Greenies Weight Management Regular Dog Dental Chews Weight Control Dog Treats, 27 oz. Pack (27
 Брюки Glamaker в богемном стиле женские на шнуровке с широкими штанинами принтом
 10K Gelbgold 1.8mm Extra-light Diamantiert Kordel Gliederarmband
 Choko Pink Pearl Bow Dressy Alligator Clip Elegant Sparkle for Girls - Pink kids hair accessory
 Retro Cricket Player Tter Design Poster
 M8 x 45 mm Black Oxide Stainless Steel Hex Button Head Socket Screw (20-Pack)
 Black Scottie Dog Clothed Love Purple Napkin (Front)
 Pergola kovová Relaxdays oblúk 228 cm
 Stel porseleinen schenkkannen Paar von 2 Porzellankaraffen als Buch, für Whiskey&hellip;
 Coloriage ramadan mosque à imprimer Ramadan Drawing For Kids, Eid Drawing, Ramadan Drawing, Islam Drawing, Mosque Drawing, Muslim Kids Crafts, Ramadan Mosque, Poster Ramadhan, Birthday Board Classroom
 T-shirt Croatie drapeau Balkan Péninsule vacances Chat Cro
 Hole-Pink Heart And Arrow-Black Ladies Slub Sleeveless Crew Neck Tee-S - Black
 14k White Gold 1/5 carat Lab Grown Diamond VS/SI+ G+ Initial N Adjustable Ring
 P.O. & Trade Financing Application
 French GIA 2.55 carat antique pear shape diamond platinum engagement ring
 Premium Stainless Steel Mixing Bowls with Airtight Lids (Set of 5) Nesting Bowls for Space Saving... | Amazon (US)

- _Exercise brief_
When a line of the material holds the string "Pack", copy that line.

- _Answer box_
Greenies Weight Management Regular Dog Dental Chews Weight Control Dog Treats, 27 oz. Pack (27
 M8 x 45 mm Black Oxide Stainless Steel Hex Button Head Socket Screw (20-Pack)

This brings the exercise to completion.